By any reasonable objective standard, Scott mistreated
and abused our relationship, broke his word repeatedly,
and, ultimately, pushed me out of the church. The only
people who don’t think so are Scott himself, and the
hypnotized folk who continue to be loyal to him no
matter how ridiculous the man becomes.
It seemed obvious to me and to others that Scott wanted
me to leave. That he was either deliberately or
passive-aggressively pushing me away. Which is why all
the drama and character assassination—fueled by Scott
after I left—seems so puzzling. My exit seemed
preordained, it seemed to be what he wanted. Why then,
after I did what he clearly wanted me to do, did he
apparently set out to destroy me?
I pray for him daily. I do. I am deeply concerned about
him, about his soul. I am deeply concerned for the souls
of those who remain loyal to him. These people have to
see the revolving door at that church, have to know it
is Scott himself who continues to run people off. They
see the pattern, they know it’s him, and they live in
denial about the entire thing. They buy whatever
ridiculous, extreme story Scott invents to justify his
behavior, and they turn on those of us who follow God’s
direction and leave that place.
Scott’s most basic problem is he has surrounded himself
with enablers, with people who feed his ego and allow
his dysfunction to continue unchallenged. He is looped
in by people so loyal to him that he can set the place
on fire and somehow justify it to their satisfaction.
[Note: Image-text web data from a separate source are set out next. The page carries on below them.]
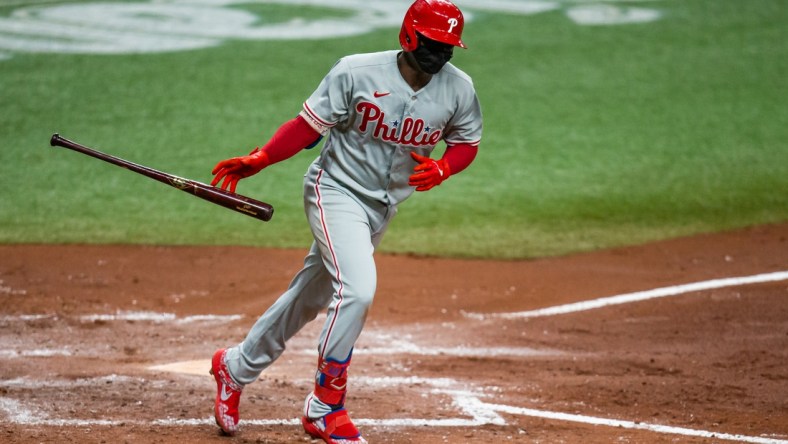 Sep 26, 2020; St. Petersburg, Florida, USA; Philadelphia Phillies shortstop Didi Gregorius (18) flips his bat as he runs to first base during a game against the Tampa Bay Rays at Tropicana Field. Mandatory Credit: Mary Holt-USA TODAY Sports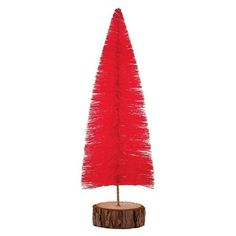 a small red christmas tree on top of a wooden stump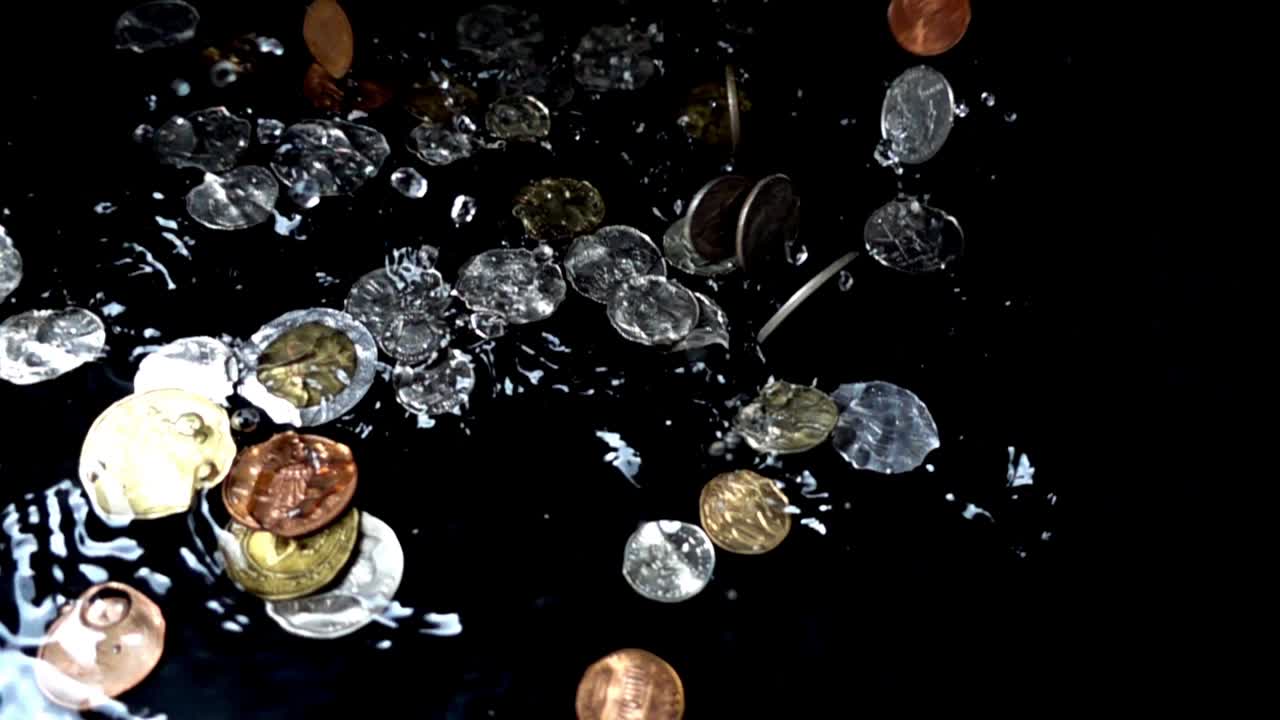 Monete che cadono nell'acqua. Rallentatore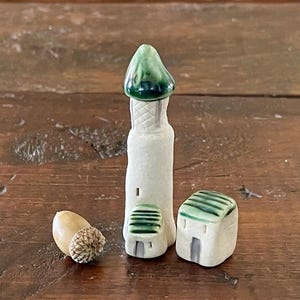 May include: Three small ceramic houses with green roofs. The tallest house has a pointed roof and the other two have flat roofs. The houses are white with green accents. There is a small acorn in the foreground.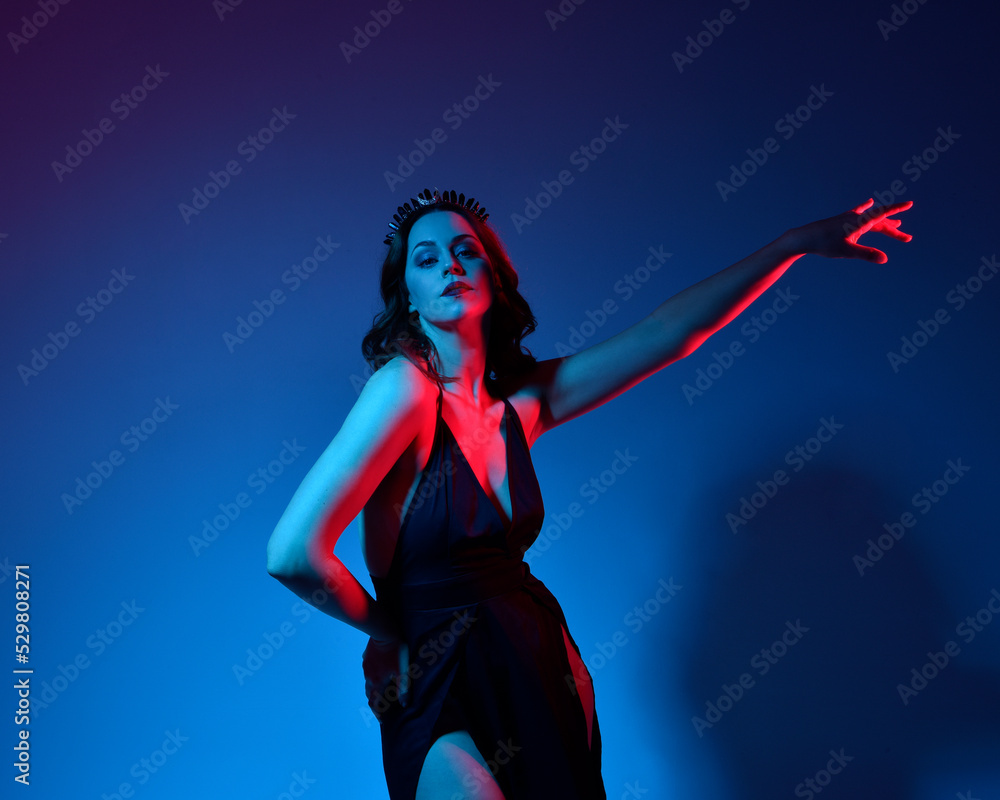 Close up portrait of beautiful woman model wearing elegant black dress and crown, posing against a studio background with fantasy inspired arm gestures, multi coloured creative lighting.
Talking to Scott is an utter waste of time because he is
the most closed man, the most closed human being, I have
ever met. He is absolutely unavailable emotionally, has
absolutely no ability to objectively evaluate his own
behavior. He is lost. A lost soul. I weep for him, my
heart breaks for him, but I will no longer stand around
applauding his lunacy or pretending the emperor is not,
in fact, naked.
When you think your pastor is in trouble, when you think
your pastor’s gone off the rails and when you see people
being mistreated, when you see people coming and going
through a revolving door, when you know your pastor is
being irrational: be a friend to him and stand up. It
will probably be a waste of time, but stand up. You’ll
probably be shunned and spat on by the rest of the
brainwashed church folk, but stand up. You think you’re
being loyal, you think you’re doing your pastor a favor
by standing beside him when he’s wrong, when he’s
unreasonable.
But, when you see, with your own two eyes, the pastor
being a lunatic, and you say and do nothing about it,
you are just as guilty of the blood as he is. You are,
in fact, guilty of his blood as well, guilty of allowing
him to descend into self and apostasy. When you cower
and quake, afraid to challenge him, you are, in fact,
letting him down. As much as it is the pastor’s
responsibility to watch over you, it is your
responsibility to watch over the pastor.
Even if that means being run out of your own church.
Time To Go
It was
time to go. During the following Sunday’s
service, Scott got up and told the congregation he
intended to pastor there for the next 40 years. That,
unless God called him elsewhere, it was his plan to be
there, at the church, for at least 40 years. I was
sitting in a back pew, listening intently to this guy.
Wondering what I was doing there. And God said to me,
clear as a bell, “Priest: can you serve under this man
for the next 40 years?” And I said, “No, Lord.” And God
said, “Then, what are you doing there?”
On August 5th, 2007, the Lord God Jesus Christ released
me from that church and from that man. I packed up my
gear and went home. I left in the manner the pastor
insisted upon and the church approved at their May
business meeting—leaving without notice. It was what
he’d insisted on. I didn’t say a word, I didn’t
criticize him, I didn’t try and split the church, I
didn’t create a ruckus.
I just went home.
Which was when things got really bad.